Specifically dicks mind you because for formless unknowable beings they reminded her all too much of her early magic instructor. An ageing wizard who must have been some sort of big shot at some point, she had vague memories of her father exalting his strides in necromancy. To Blossom he had been and old man with too small eyes, strained and bloodshot as he looked down upon her latest efforts and advised her that women generally lack the forceful presence required to command the life spirits. Wizards are in general, also dicks.

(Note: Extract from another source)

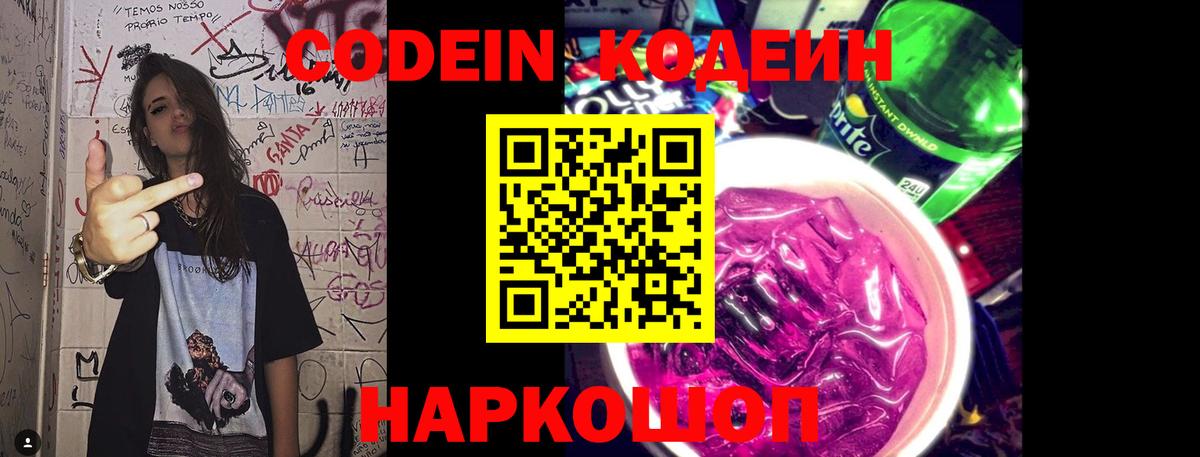 Codein Purple Drank Кострома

Of course Blossom had attended enough births to know that a forceful presence is the last thing women lack. Just last week she’d watched as Mary Conner, the most lamb hearted woman she’d ever known, broke her husband’s hand; swearing up and down that she’d remove a favoured body part of his if he thought she’d be having another child. Blossom had honestly spent longer on the spell to fix poor the poor man’s hand than she did assisting Mary. Women, mothers especially, she’d come to learn are a force of nature. A fact that any numbers of wizard’s tomes had yet to teach her brothers.
So yes Blossom was quite happy with her cottage and her gardens and her villagers who would buy her potions for copper coins and chickens eggs.
Which is why she wasn’t pleased about a dark-haired woman barging in yelling a name she’d rather forget. Unexpected interruptions were to be expected in her line of work, injuries and illness did not wait for any schedule, even witches’. But this woman was far better dressed than any of her usual visitors. A fine cloak draped around her shoulders, enchanted by the looks of it, fire protection and possibly weapons protection although a closer look would be required to confirm. But still a finer cloak than any of her normal clients could afford. Matched only by what Blossom could only call an aristocratic look. There is little to distinguish an aristocratic face from any other person except a manner of pursing the lips, however involuntarily, in the presence of humble living. Blossom of course couldn’t judge; her face had once held that same look. Although she could judge the look of contempt that followed as she surveyed the cottage, because that was just rude.
It is at this point that Blossom must point out that this woman and many others from this point forward insist on referring to her by the wrong name. So she has decided to make minor edits to this account and switch any usages of this name to Blossom: her goddamn name.
“I am Lady Cottingford bearing a message for Mage Blossom from his royal highness Prince Richard.”
The woman left a clearly scripted pause, to allow for the expected exclamations of awe. But Blossom had met the prince many times throughout her aborted foray into wizardry, and on almost every occasion he had proved himself to be entirely deserving of the abbreviation of his name. So of course there was little awe to be found. Ever a professional the messenger soldiered on declaring,
“His royal highness has chosen you to assist him in a matter of great importance to our country, and as such has summoned you to the royal palace immediately.”
“He has the entire school of wizards at his disposal, what does he want with me?”
The woman purses her lips again, she really was quite good at that, disdaining the mere thought of answering a peasant. Blossom saved her the trouble,
“They couldn’t solve it.” Blossom had never claimed to be anything but blunt, and the look on the woman’s face made it clear she’d got to the heart of the matter.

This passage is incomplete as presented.